_ACTIVITY_: Copy each line below exactly.

_RECORD EXCERPTS_:
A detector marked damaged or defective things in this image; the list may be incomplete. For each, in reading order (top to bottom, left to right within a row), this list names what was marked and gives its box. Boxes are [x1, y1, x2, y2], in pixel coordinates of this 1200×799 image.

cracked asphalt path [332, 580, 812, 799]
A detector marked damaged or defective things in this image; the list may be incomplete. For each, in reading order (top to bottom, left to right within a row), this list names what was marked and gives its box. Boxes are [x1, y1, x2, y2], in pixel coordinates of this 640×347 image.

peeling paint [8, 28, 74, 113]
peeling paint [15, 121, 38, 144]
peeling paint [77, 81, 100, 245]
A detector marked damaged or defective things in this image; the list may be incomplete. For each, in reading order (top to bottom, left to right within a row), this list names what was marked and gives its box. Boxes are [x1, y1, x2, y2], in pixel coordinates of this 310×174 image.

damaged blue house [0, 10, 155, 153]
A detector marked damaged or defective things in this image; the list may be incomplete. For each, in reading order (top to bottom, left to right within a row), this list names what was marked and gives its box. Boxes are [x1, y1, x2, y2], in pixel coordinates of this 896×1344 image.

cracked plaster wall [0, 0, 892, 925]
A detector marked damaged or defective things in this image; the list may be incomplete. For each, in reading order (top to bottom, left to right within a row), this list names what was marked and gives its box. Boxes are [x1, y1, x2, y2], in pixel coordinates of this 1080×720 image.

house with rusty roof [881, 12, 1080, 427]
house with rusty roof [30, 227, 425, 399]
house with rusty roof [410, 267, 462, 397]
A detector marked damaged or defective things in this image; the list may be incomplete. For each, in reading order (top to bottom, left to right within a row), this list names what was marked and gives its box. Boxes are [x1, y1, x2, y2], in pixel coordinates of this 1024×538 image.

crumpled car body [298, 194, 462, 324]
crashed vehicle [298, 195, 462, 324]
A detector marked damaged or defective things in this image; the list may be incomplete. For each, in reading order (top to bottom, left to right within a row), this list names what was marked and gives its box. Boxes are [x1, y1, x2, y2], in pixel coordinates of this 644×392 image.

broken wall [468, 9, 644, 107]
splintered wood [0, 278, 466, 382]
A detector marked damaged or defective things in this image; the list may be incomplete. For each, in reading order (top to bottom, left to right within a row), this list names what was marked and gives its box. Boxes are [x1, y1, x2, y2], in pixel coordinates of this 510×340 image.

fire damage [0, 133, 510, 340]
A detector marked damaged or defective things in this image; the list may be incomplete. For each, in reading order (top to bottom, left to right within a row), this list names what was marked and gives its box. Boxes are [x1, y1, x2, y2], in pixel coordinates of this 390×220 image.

_RESULT OF THIS EXERCISE_:
A detector marked damaged or defective things in this image; the list may be incomplete. For each, in reading order (top to bottom, left to right within a row), this list names what was marked and gives its box. Boxes are [x1, y1, x2, y2], in pixel coordinates of this 1200×799 image.

cracked asphalt path [332, 580, 812, 799]
A detector marked damaged or defective things in this image; the list may be incomplete. For each, in reading order (top to bottom, left to right within a row), this list names what was marked and gives its box. Boxes are [x1, y1, x2, y2], in pixel coordinates of this 640×347 image.

peeling paint [8, 28, 74, 113]
peeling paint [15, 121, 38, 144]
peeling paint [77, 81, 100, 245]
A detector marked damaged or defective things in this image; the list may be incomplete. For each, in reading order (top to bottom, left to right within a row), this list names what was marked and gives its box. Boxes are [x1, y1, x2, y2], in pixel coordinates of this 310×174 image.

damaged blue house [0, 10, 155, 153]
A detector marked damaged or defective things in this image; the list may be incomplete. For each, in reading order (top to bottom, left to right within a row), this list names what was marked and gives its box. Boxes are [x1, y1, x2, y2], in pixel coordinates of this 896×1344 image.

cracked plaster wall [0, 0, 892, 925]
A detector marked damaged or defective things in this image; the list may be incomplete. For each, in reading order (top to bottom, left to right within a row), this list names what was marked and gives its box. Boxes are [x1, y1, x2, y2], in pixel coordinates of this 1080×720 image.

house with rusty roof [881, 12, 1080, 427]
house with rusty roof [30, 227, 425, 399]
house with rusty roof [410, 267, 462, 397]
A detector marked damaged or defective things in this image; the list may be incomplete. For each, in reading order (top to bottom, left to right within a row), this list names what was marked and gives its box. Boxes are [x1, y1, x2, y2], in pixel coordinates of this 1024×538 image.

crumpled car body [298, 194, 462, 324]
crashed vehicle [298, 195, 462, 324]
A detector marked damaged or defective things in this image; the list may be incomplete. For each, in reading order (top to bottom, left to right within a row), this list names what was marked and gives its box. Boxes are [x1, y1, x2, y2], in pixel coordinates of this 644×392 image.

broken wall [468, 9, 644, 107]
splintered wood [0, 278, 466, 382]
A detector marked damaged or defective things in this image; the list may be incomplete. For each, in reading order (top to bottom, left to right within a row), this list names what was marked and gives its box. Boxes are [x1, y1, x2, y2], in pixel coordinates of this 510×340 image.

fire damage [0, 133, 510, 340]
A detector marked damaged or defective things in this image; the list may be incomplete. For each, in reading order (top to bottom, left to right within a row), this list names what was marked and gives its box. Boxes are [x1, y1, x2, y2], in pixel coordinates of this 390×220 image.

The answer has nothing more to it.